● **WHAT IS BEING ASKED**: In the records below, the relevant part opens with the line containing "Linuxエンジニア コースフロー" and closes with the line containing "Courbe de la"; print that part exactly and only, without its pictures.

● **GIVEN RECORDS**:
○ ○ ○ ○

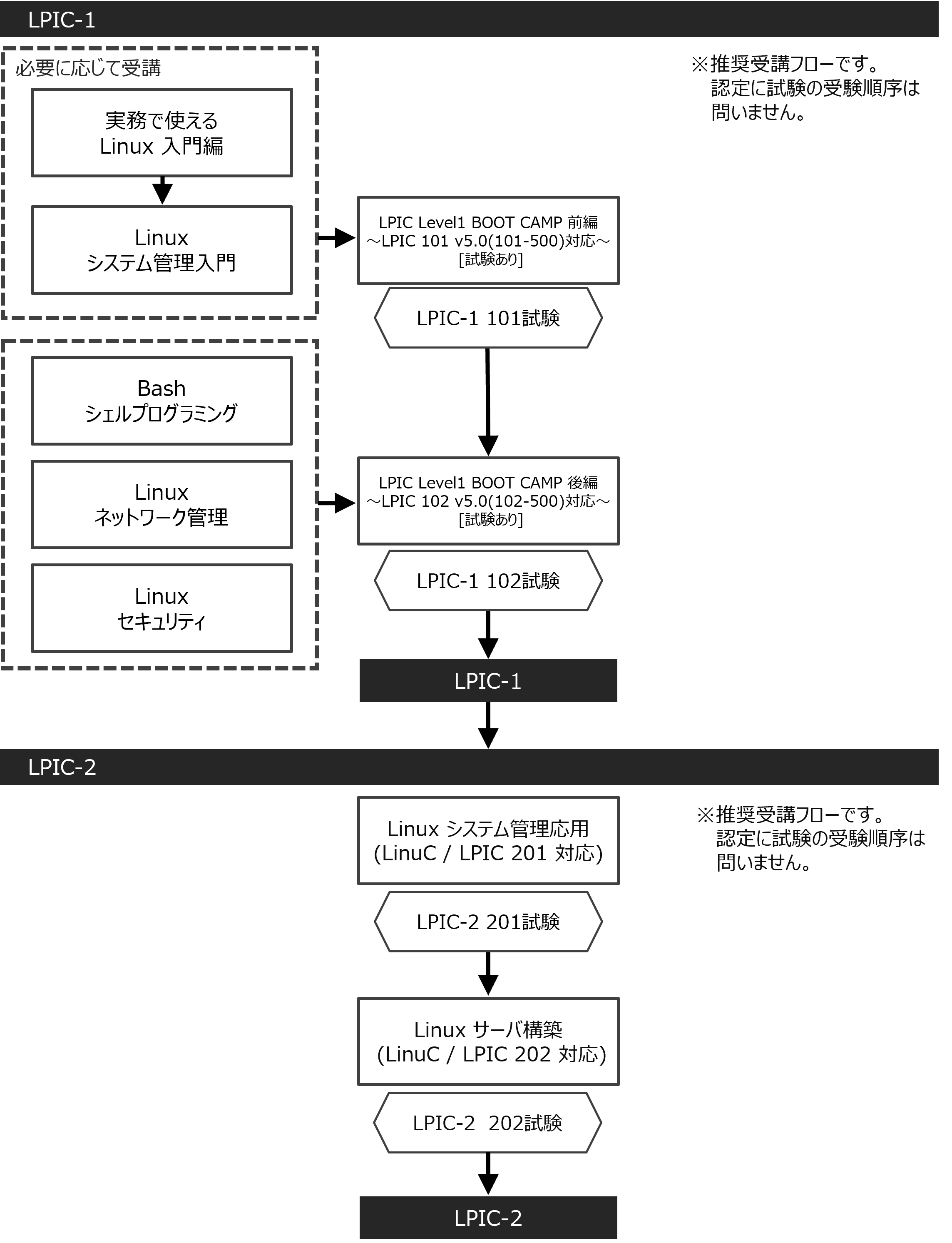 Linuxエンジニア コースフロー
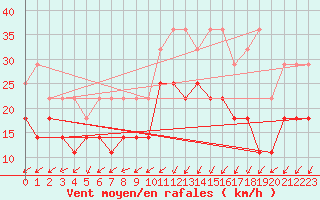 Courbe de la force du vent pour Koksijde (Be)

○ ○ ○ ○

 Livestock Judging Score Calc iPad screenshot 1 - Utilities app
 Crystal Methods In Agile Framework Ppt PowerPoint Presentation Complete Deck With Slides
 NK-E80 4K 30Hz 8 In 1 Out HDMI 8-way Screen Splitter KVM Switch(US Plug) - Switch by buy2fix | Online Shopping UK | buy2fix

○ ○ ○ ○

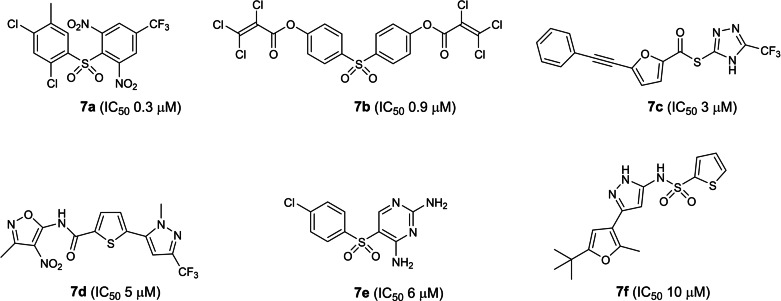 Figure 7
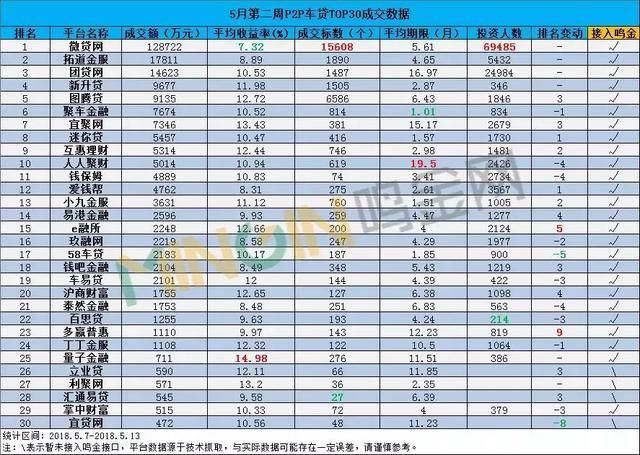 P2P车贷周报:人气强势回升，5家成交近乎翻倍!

○ ○ ○ ○

● **EXPECTED ANSWER**:
 Linuxエンジニア コースフロー
 Courbe de la force du vent pour Koksijde (Be)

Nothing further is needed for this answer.